TASK STATEMENT =
Beginning with the line containing "Ictyane Crema doccia", write out each line exactly through the end of the listing, and skip all pictures.

┏━━

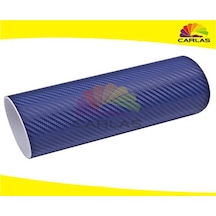 Oto Karbon Kaplama Folyo Hava Kanallı Mavi 152Cm X 1M
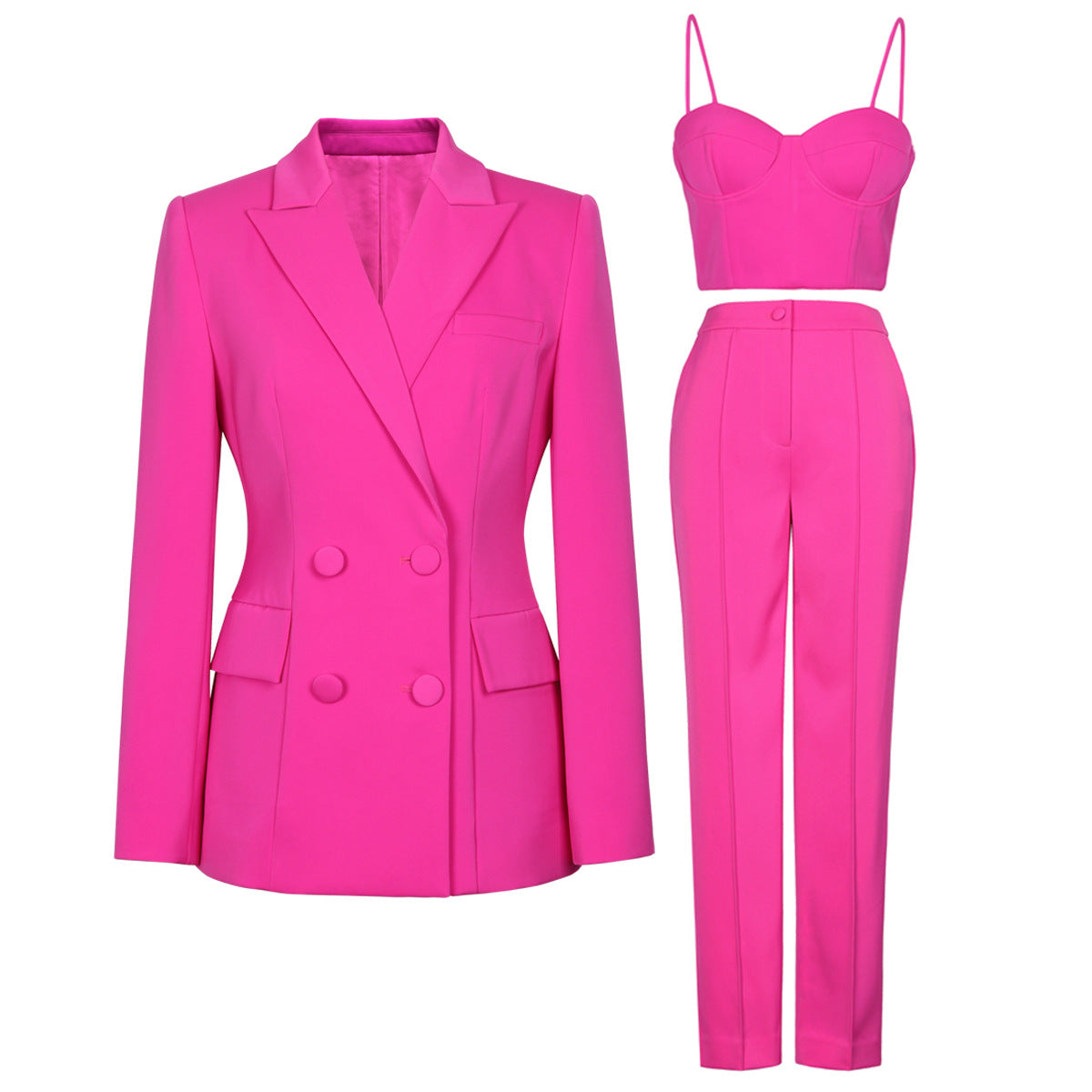 Designer Women's Office Suit Set  Blazer, Vest & Pants for Business Casual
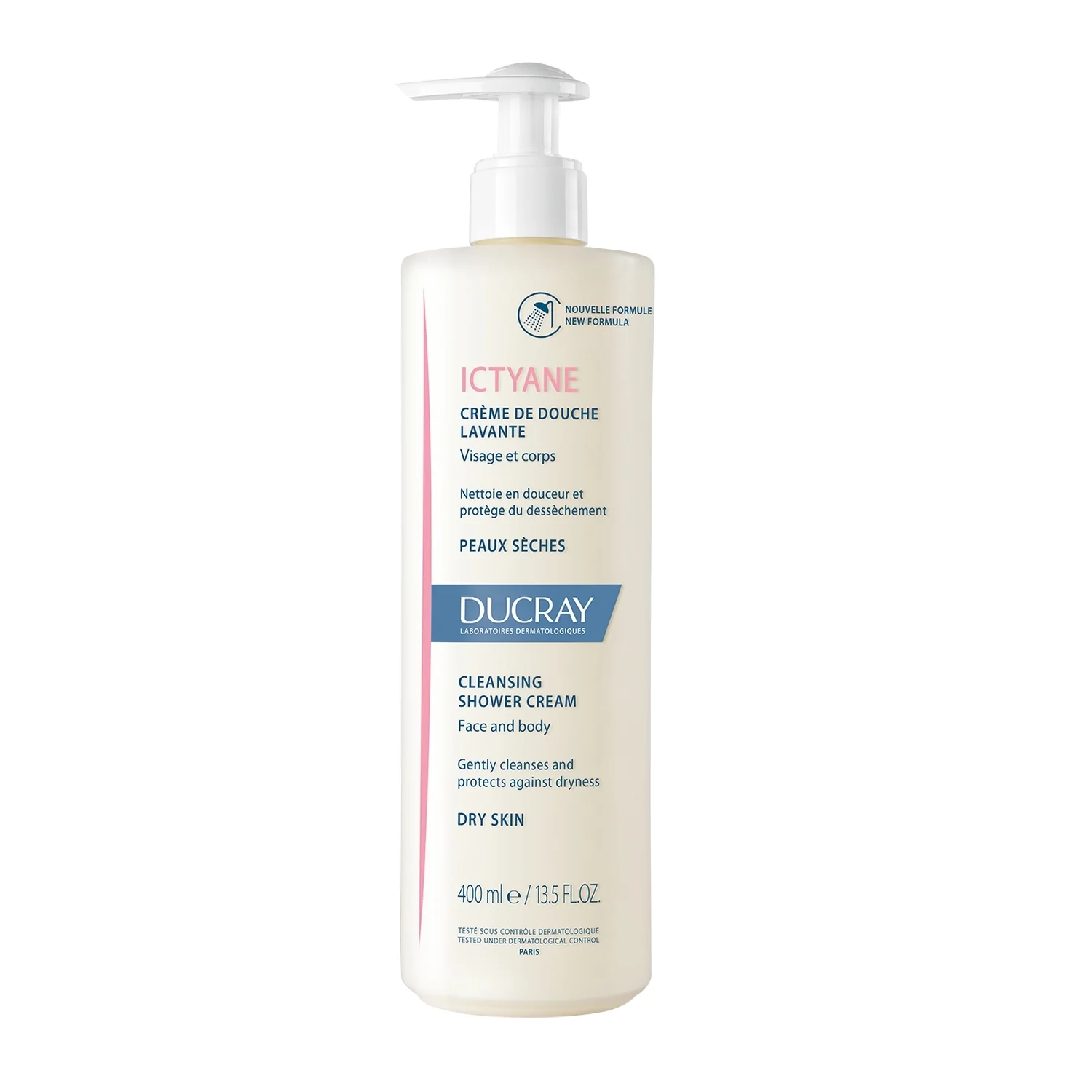Ictyane Crema doccia detergente - Crema detergente viso, Bagno e Doccia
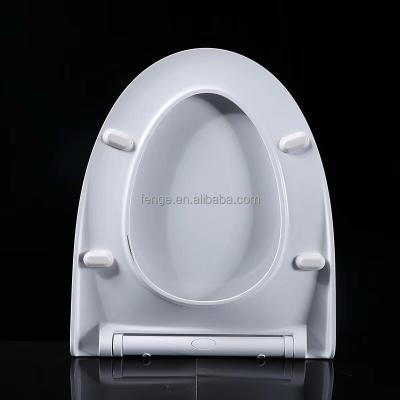 China Kids Toilet Seats Slient Drop Toilet Lid V Shape Duroplast Scrath-Resistant Toilet Seat In Germany for sale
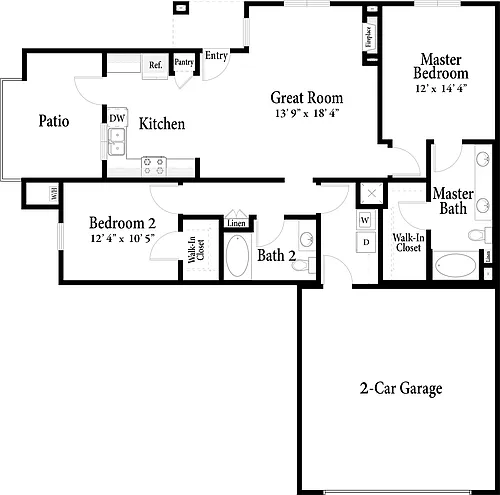 Floor plan The Flats - Plan 7 Down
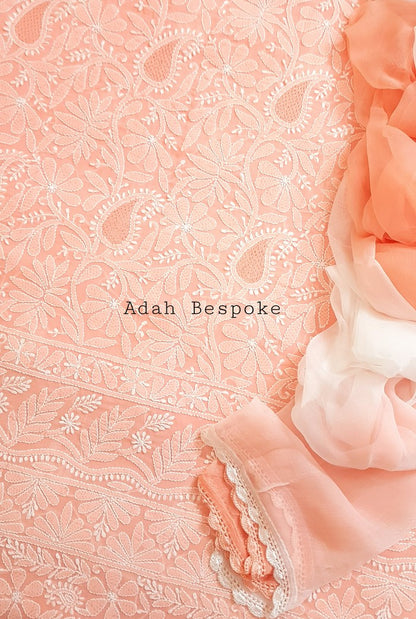 Chikankari Cotton Full Suit ( Jaali )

┗━━

REPLY =
Ictyane Crema doccia detergente - Crema detergente viso, Bagno e Doccia
 China Kids Toilet Seats Slient Drop Toilet Lid V Shape Duroplast Scrath-Resistant Toilet Seat In Germany for sale
 Floor plan The Flats - Plan 7 Down
 Chikankari Cotton Full Suit ( Jaali )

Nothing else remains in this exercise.